++++ Listed records
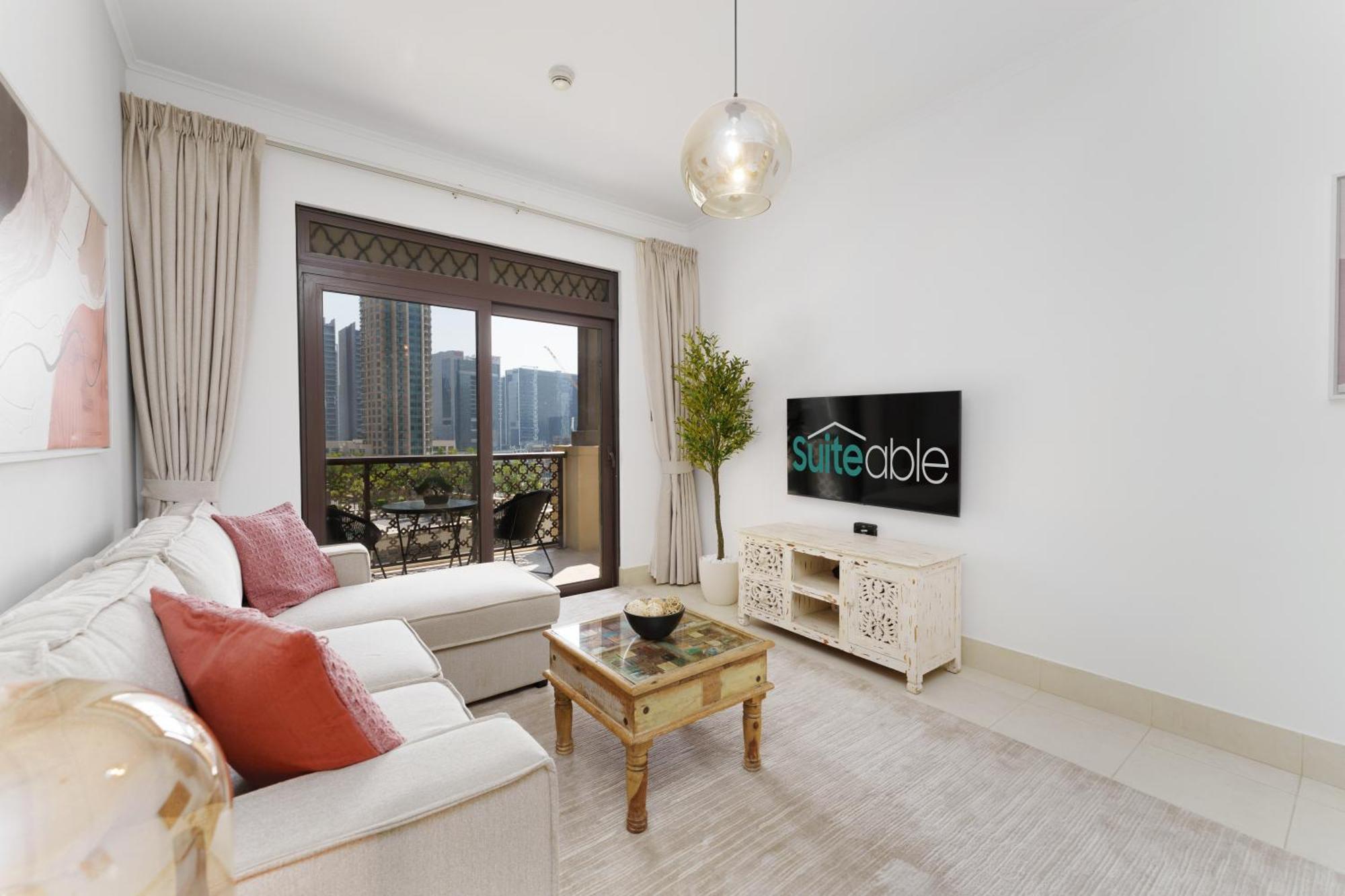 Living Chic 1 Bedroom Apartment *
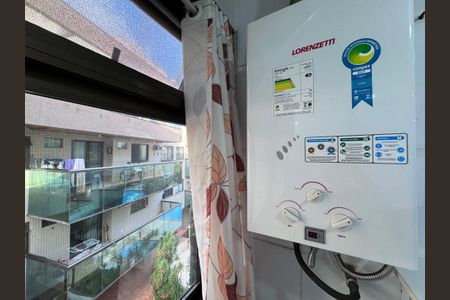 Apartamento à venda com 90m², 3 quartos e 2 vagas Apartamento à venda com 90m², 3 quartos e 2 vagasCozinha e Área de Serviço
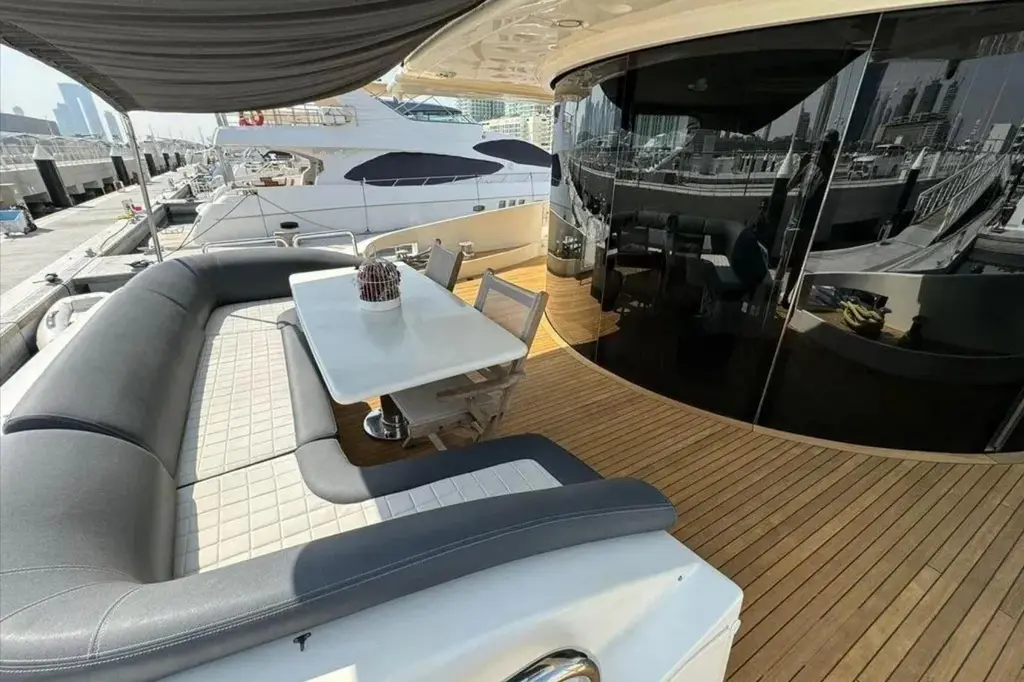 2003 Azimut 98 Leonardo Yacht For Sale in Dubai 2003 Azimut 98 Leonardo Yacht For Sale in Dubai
++++++++
++++ Listed records
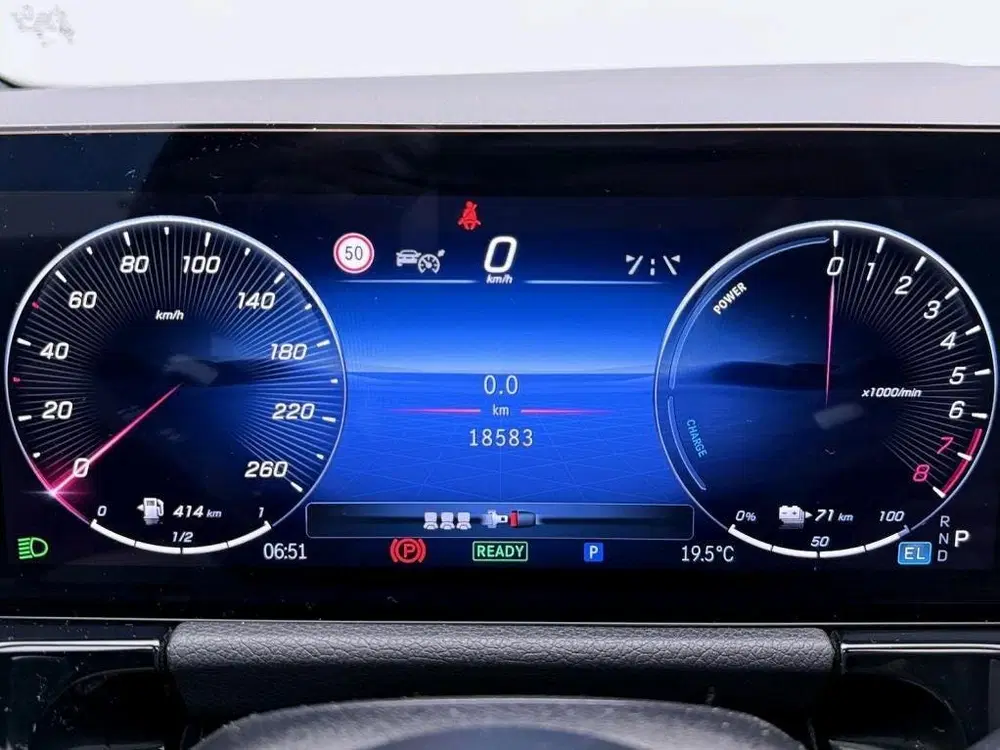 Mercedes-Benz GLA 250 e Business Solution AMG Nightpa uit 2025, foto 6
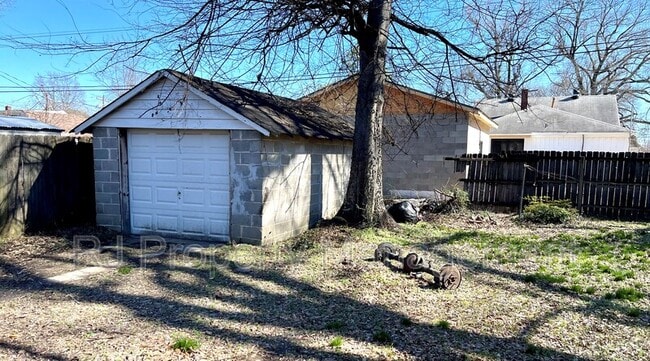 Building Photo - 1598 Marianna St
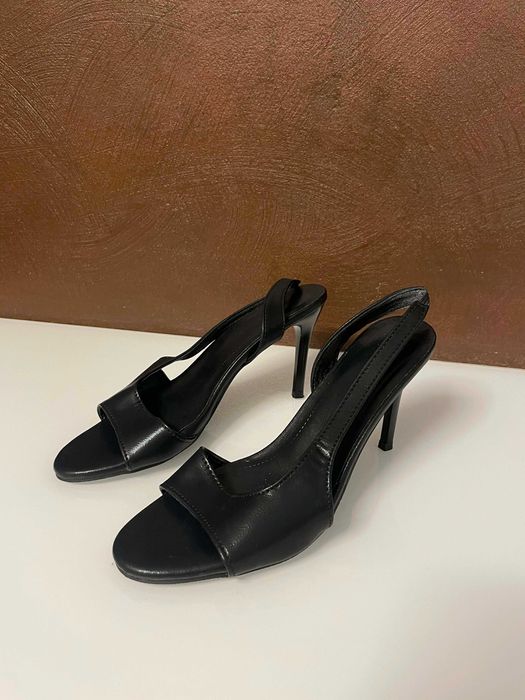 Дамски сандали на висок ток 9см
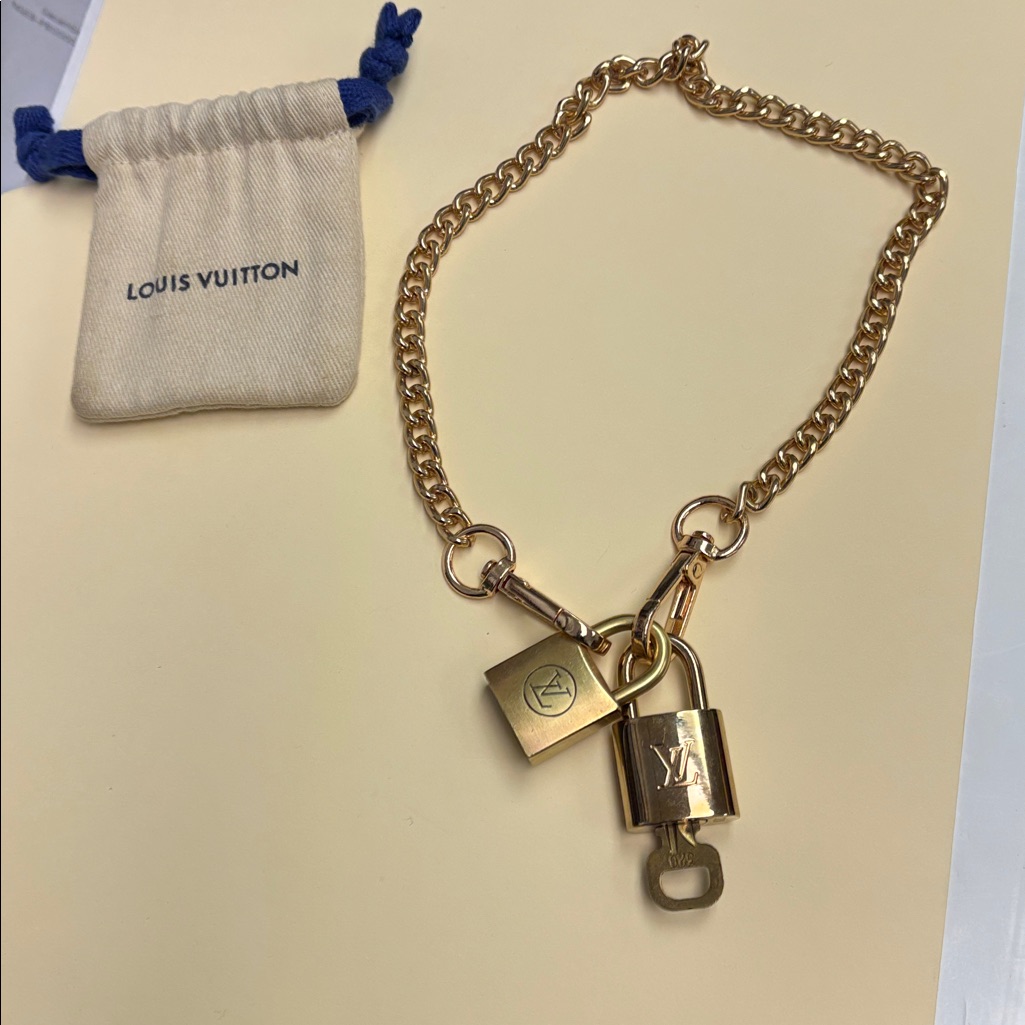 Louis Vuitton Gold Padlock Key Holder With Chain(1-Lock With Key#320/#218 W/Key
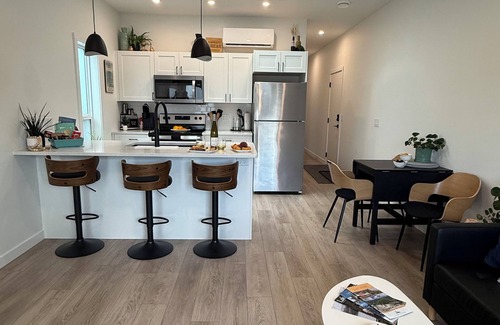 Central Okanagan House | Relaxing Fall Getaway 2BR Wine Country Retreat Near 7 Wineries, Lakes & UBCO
++++++++
++++ Listed records
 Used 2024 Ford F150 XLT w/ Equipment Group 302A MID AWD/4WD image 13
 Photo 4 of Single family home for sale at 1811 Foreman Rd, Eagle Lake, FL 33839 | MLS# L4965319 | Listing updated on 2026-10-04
++++++++
Using the records above, print exactly the run of lines that starts with the line with "Mercedes-Benz GLA 250" and goes on through the line with "Louis Vuitton Gold", pictures excluded.

▶ [Reply]
 Mercedes-Benz GLA 250 e Business Solution AMG Nightpa uit 2025, foto 6
 Building Photo - 1598 Marianna St
 Дамски сандали на висок ток 9см
 Louis Vuitton Gold Padlock Key Holder With Chain(1-Lock With Key#320/#218 W/Key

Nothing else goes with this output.